Pousou a mão sobre a pedra preciosa e cantou novamente as palavras de Yulivee. Nada aconteceu. Voltou mais uma vez à inscrição em élfico. Ela lhe dizia que devia entrar lado a lado com alguém. A canção também se referia a nós. Quem quer que fosse esse outro, deveria poder ler a escrita estranha e tinha de tocar a pedra preta enquanto entoasse a canção. Talvez fosse por isso que a canção era tão curta: por ser só um pedaço de algo maior. Mas um pedaço ele tinha de cantar, e o outro, o seu companheiro. Mas de quem poderia se tratar? Talvez de um humano?
Nuramon observou o todo que a imagem diante dele formava. O rubi era a estrela, diziam que a safira era a pedra da água e das nascentes. Aqui com certeza representava uma fonte de conhecimento, portanto, Dareen, o oráculo. O diamante era o símbolo dele ou de alguém como ele. Era a pedra da luz. “Você, filho do sol”, constava diante dele na parede. Mas se ele era filho do sol, então a outra inscrição devia se referir a um filho da noite. O cristal de rocha não era conhecido como pedra da noite, mas a teia negra que havia nele poderia ter relação com isso.
De repente, Nuramon teve uma inspiração. Ele era um filho de albos, ali era designado como filho do sol.
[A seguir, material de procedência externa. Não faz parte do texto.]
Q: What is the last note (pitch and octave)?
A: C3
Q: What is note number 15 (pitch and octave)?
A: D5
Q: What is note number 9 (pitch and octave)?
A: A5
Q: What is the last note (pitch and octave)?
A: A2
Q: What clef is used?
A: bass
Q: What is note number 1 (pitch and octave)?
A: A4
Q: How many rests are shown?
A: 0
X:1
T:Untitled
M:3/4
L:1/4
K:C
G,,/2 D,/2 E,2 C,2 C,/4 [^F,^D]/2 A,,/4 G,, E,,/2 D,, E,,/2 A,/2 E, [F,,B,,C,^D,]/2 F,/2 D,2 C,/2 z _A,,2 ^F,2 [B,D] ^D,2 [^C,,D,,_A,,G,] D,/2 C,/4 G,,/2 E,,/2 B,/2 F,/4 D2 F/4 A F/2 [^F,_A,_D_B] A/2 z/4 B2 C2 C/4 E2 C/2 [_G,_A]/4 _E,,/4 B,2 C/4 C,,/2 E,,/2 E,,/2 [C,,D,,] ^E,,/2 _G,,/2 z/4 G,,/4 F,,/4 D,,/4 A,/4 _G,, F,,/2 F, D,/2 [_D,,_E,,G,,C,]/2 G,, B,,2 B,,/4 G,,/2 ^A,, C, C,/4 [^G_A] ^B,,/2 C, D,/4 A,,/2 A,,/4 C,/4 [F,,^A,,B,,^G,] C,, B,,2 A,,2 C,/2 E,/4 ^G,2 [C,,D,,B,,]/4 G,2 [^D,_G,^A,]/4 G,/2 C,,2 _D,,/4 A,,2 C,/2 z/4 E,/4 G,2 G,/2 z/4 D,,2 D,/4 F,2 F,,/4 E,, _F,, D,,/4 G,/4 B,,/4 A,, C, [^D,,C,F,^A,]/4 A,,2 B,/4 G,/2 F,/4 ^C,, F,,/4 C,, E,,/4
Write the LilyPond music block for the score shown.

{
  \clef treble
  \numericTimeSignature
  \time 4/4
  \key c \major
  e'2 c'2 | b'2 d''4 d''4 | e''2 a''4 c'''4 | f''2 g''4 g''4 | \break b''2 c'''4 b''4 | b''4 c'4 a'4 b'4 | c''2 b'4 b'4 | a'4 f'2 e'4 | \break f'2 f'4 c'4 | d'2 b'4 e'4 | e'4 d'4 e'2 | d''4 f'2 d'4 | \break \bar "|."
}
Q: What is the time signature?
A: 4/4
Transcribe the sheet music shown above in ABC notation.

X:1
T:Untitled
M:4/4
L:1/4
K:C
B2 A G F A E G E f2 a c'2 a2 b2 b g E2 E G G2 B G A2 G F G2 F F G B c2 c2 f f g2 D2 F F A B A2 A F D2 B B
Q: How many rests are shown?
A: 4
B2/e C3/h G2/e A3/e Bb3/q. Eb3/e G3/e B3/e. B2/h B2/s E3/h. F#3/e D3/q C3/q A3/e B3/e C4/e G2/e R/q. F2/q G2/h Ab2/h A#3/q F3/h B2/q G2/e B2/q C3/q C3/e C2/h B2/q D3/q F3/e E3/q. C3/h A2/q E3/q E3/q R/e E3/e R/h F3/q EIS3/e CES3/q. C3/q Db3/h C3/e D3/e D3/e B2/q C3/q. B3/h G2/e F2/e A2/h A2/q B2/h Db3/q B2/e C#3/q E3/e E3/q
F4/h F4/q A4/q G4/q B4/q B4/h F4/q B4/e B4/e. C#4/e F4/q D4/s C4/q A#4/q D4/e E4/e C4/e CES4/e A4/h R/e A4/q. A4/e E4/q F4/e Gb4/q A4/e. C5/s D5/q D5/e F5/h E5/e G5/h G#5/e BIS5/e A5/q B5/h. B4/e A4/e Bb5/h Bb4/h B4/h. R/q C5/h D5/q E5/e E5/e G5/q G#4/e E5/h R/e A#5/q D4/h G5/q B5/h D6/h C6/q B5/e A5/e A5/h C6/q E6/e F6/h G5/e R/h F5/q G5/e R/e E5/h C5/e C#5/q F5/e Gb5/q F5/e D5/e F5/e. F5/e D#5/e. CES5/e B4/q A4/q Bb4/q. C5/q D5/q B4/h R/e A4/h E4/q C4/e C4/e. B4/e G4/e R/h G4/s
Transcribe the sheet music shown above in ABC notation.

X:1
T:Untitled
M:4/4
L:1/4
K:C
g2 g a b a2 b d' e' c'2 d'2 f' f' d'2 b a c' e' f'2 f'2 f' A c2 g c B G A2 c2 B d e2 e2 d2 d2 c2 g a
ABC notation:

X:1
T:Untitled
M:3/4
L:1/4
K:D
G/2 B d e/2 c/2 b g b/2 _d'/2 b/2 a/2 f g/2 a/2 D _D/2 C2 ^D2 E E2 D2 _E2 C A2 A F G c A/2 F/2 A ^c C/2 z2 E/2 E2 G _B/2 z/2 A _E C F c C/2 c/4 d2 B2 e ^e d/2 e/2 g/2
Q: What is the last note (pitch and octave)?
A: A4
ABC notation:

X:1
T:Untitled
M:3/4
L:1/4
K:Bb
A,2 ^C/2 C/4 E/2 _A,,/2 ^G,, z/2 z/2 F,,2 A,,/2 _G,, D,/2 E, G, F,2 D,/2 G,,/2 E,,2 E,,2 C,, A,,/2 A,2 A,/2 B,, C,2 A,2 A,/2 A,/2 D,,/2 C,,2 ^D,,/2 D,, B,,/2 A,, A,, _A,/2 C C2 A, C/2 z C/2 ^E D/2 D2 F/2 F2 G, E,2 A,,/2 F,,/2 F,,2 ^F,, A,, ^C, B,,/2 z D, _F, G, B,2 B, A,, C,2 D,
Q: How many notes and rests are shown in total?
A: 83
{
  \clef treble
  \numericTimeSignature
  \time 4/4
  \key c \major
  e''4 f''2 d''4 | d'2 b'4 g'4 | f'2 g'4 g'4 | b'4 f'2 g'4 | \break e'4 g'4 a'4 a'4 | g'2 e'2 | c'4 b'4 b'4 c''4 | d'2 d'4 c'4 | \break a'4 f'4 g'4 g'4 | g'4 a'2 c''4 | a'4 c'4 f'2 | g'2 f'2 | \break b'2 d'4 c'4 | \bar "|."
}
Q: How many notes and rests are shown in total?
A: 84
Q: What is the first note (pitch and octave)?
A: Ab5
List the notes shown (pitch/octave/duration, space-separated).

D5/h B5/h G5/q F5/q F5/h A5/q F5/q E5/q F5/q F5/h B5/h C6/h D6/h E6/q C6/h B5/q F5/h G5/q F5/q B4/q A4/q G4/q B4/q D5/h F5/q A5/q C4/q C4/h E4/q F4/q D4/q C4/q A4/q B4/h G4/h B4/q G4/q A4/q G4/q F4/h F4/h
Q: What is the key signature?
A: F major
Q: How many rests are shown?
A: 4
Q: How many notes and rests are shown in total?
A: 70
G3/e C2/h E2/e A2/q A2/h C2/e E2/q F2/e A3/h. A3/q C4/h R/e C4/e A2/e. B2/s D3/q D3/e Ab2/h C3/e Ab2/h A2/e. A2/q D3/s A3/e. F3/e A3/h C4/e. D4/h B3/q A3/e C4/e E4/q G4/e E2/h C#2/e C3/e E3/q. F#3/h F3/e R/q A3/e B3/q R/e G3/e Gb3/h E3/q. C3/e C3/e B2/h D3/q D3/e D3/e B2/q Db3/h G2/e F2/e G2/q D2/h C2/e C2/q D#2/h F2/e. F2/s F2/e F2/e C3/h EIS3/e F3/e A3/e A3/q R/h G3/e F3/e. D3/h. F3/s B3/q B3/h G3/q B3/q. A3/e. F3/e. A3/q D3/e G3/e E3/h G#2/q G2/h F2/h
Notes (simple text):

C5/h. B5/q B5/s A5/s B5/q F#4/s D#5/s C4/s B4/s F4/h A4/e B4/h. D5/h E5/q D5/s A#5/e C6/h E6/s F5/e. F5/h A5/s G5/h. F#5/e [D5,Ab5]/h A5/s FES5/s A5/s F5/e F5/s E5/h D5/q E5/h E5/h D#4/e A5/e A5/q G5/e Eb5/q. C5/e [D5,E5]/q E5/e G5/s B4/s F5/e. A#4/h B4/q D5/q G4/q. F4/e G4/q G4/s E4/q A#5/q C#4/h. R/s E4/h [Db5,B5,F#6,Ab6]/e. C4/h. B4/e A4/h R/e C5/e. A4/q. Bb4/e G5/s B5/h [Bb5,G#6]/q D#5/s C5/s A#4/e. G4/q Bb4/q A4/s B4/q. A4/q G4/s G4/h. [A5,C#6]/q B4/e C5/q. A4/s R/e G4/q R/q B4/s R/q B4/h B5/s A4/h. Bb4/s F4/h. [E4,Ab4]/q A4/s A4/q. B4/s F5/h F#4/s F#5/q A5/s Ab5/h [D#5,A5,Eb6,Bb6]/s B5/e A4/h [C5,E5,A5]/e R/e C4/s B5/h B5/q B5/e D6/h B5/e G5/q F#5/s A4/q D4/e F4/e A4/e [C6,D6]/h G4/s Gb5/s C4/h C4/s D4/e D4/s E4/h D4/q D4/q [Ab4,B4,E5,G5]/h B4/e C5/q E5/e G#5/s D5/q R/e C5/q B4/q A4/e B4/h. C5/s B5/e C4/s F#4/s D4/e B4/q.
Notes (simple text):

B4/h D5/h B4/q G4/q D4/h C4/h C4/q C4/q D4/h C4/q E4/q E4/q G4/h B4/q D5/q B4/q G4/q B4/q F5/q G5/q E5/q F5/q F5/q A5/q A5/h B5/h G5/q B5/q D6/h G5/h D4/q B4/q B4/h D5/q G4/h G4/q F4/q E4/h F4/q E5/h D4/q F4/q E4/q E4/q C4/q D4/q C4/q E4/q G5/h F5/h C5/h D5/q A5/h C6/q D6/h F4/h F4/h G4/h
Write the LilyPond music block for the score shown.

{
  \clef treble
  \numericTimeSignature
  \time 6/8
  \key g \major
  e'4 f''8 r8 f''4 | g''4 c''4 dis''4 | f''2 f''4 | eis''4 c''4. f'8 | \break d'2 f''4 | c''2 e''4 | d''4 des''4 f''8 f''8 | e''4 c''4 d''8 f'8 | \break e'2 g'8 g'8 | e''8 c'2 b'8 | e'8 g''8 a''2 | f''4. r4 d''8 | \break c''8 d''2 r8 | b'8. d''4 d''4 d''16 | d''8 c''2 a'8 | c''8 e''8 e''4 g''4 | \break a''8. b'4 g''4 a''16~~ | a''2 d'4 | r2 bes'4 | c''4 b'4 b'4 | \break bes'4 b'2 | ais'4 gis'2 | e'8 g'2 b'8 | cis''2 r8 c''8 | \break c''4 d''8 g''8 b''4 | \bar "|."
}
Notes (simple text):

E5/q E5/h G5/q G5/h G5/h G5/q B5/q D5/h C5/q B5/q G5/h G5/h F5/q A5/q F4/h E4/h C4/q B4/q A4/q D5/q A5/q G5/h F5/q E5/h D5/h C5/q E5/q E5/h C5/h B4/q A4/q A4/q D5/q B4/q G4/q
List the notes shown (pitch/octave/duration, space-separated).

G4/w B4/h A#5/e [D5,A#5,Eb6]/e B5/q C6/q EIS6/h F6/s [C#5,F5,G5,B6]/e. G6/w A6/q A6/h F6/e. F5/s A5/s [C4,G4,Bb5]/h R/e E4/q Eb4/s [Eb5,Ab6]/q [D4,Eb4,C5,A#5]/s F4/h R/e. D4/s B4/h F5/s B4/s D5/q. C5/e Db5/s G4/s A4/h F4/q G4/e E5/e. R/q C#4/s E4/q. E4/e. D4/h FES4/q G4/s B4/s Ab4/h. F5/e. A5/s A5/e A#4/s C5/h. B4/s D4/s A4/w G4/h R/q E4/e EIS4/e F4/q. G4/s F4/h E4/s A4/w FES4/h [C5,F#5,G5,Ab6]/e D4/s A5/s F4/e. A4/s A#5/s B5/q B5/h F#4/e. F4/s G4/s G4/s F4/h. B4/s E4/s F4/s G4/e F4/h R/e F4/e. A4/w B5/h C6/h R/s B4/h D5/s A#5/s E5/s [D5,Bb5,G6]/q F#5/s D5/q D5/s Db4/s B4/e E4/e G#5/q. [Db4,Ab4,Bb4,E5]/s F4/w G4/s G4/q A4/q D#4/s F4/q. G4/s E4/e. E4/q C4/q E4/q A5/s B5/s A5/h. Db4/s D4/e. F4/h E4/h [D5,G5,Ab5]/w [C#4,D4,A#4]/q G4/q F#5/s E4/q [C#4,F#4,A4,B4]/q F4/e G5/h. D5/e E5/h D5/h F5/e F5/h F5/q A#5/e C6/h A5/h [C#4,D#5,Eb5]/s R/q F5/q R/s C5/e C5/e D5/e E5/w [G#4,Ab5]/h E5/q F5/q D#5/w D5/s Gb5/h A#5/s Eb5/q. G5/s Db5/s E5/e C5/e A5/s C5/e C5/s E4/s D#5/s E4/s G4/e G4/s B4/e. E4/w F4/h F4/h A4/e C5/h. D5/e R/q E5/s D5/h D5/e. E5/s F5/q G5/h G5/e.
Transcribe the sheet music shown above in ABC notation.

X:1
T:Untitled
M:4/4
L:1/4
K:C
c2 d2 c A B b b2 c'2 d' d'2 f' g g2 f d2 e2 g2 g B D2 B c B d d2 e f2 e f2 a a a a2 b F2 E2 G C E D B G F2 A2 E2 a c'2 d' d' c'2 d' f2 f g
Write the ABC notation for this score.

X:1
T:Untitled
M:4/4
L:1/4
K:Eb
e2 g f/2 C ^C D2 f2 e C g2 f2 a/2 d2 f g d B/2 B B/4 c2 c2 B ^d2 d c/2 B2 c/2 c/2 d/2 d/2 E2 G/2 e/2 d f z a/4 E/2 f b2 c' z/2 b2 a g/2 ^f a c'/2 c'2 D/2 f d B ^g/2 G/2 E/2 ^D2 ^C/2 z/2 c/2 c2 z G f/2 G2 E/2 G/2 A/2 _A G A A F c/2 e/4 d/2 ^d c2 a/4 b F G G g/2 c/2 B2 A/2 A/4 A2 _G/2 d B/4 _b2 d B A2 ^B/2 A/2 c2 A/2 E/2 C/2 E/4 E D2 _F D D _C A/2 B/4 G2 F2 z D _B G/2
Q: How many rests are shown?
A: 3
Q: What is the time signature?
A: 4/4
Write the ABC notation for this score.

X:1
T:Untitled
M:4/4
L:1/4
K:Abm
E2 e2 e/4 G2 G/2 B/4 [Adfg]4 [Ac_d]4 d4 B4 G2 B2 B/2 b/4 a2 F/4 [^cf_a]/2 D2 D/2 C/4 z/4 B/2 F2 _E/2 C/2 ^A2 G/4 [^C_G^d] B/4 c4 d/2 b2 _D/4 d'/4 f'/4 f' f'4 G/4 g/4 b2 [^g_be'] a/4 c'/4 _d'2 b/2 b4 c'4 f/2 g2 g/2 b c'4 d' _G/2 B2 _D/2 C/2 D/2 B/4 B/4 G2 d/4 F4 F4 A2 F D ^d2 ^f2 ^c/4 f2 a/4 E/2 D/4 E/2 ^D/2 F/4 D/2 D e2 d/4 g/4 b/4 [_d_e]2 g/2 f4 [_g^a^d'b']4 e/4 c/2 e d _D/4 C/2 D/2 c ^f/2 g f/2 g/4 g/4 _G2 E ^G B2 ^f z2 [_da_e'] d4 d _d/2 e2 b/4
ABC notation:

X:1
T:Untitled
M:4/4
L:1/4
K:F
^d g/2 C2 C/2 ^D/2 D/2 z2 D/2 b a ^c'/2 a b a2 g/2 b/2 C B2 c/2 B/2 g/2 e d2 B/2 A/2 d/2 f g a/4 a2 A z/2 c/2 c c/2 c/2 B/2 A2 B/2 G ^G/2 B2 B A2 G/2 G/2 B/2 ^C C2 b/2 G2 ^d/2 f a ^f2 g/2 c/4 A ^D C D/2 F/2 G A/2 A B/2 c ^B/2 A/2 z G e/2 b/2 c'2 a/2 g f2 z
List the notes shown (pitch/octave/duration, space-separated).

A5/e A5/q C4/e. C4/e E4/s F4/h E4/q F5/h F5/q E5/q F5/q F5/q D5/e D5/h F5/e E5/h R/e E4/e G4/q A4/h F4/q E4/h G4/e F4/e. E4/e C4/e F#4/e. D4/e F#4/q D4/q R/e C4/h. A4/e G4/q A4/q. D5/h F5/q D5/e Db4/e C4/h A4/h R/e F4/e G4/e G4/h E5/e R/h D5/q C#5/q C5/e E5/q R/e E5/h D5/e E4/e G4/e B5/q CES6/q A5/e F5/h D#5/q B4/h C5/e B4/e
Nos tempos antigos, os elfos também foram chamados de filhos de albos da luz. Da sua casa no carvalho ele conseguia ver as montanhas nas quais um dia os filhos de albos das trevas viveram. Um filho de albos das trevas! Era quem ele precisava encontrar para abrir este portal junto com ele.
Os filhos de albos das trevas passaram da Terra dos Albos para o Outro Mundo havia muito tempo, para procurar um novo lar. Havia algumas histórias a respeito deles, mas que aos poucos caíram no esquecimento. Os sábios diziam que a distinção entre albos da luz e albos das trevas não fazia sentido e que era necessário esquecê-la, assim como o povo a que se referia o conceito de filhos de albos das trevas. Não era possível, contudo, apagar totalmente a lembrança dos filhos de albos das trevas e os rumores a seu respeito. Alguns afirmavam que eles eram malignos e que, nos tempos antigos, houve muitas lutas contra eles. Não suportaram o esplendor da Terra dos Albos e, por isso, teriam ido para esse mundo sombrio. Outros diziam que eram inofensivos se não provocados e que tinham partido para o Outro Mundo para criar algo novo lá. Os mais velhos se calavam, embora só eles conhecessem a verdade. Então, os filhos de albos das trevas permaneciam um mistério.